# The dog, the mistress & the urinal



## smoking b (Dec 12, 2012)

A man stuck his head into a supermarket and called out, "Does someone in here own the Great Dane that's chained to a parking meter?"

A man in the checkout line yelled, "That's my dog, why?"

"Well, my dog just killed your dog."

"Killed my Great Dane?" the shocked man asked. "What kind of dog do you own?"

"A Chihuahua."

"How did a Chihuahua kill my Great Dane?"

"He choked on it."

 ******************************************************************************************************

A husband and wife were having dinner at a very fine restaurant when this absolutely stunning young woman comes over to their table, gives the husband a big kiss, tells him she'll see him later, and walks away.
His wife glares at him and says, 'Who was that??!!"
"Oh," replies the husband, 'that was my mistress."
The wife says, "That's it; I want a divorce."
"I understand," replies her husband, "But, remember, if you get a divorce, there will be no more shopping trips to Paris, no wintering in the Caribbean, no Lexus in the garage, and no more country club. But the decision is yours."
Just then the wife notices a mutual friend of theirs entering the restaurant with a gorgeous woman.
'Who's that woman with Jim?" she asks.
"That's his mistress," replies her husband.
"Ours is prettier," says the wife.

  ***************************************************************************************************

An accountant, a lawyer and a cowboy were standing side-by-side using a urinal. The accountant finished, zipped up and started washing and literally scrubbing his hands.. clear up to his elbows...he used about 20 paper towels before he finished.

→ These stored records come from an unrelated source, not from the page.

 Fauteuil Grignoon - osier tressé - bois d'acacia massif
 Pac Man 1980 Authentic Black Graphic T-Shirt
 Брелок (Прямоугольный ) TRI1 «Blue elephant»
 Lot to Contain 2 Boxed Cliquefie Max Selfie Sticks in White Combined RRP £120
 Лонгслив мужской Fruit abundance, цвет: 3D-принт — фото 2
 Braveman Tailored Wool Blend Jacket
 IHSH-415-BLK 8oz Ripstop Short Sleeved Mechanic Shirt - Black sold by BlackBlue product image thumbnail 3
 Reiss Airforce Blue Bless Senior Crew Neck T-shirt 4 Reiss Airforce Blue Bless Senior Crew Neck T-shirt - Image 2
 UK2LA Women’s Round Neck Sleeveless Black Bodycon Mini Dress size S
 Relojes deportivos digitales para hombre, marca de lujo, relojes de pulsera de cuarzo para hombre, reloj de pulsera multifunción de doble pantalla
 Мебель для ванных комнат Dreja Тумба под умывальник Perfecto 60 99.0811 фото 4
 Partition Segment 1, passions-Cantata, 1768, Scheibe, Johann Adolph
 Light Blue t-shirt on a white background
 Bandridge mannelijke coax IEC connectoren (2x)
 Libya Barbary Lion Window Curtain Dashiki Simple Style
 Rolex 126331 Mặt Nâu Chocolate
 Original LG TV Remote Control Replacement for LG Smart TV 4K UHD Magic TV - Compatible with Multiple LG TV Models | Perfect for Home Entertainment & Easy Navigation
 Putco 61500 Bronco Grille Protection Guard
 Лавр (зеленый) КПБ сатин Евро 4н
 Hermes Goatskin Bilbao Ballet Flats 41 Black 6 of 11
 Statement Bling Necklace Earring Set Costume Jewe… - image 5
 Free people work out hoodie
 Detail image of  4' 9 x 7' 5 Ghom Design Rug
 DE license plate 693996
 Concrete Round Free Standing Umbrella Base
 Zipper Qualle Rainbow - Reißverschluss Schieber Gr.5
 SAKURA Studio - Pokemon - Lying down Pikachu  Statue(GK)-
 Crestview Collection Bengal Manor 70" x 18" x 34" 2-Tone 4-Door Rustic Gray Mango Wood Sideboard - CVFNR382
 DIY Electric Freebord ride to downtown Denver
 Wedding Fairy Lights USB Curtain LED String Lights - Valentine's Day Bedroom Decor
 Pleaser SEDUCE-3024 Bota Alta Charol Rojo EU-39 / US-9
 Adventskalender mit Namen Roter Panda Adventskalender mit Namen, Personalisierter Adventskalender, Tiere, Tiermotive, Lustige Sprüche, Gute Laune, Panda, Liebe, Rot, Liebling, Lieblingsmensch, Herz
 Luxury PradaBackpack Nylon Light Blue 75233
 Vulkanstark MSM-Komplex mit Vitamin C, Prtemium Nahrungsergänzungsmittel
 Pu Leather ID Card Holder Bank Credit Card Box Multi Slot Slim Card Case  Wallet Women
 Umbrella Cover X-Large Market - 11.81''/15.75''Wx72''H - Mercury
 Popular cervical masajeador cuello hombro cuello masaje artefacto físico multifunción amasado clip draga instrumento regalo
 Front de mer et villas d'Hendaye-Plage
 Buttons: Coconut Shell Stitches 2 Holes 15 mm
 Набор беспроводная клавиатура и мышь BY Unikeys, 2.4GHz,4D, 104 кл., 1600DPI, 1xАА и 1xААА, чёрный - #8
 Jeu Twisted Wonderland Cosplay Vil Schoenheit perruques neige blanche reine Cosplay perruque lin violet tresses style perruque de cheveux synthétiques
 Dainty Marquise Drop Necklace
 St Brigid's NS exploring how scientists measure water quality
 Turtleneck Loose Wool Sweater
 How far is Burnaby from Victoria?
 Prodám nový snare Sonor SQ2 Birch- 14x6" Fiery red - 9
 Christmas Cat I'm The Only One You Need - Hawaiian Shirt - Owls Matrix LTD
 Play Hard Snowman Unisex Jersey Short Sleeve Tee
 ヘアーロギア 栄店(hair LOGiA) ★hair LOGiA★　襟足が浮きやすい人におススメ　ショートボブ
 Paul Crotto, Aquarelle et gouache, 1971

He turned to the other two men and commented, "I graduated from the University of Michigan and they taught us to be clean."

  

The lawyer finished, zipped up quickly and wet the tips of his fingers, grabbed one paper towel and commented, "I graduated from the University of California and they taught us to be environmentally conscious."

  

The cowboy zipped up and as he was walking out the door said, "I graduated from the University of Texas and they taught us not to piss on our hands."


----------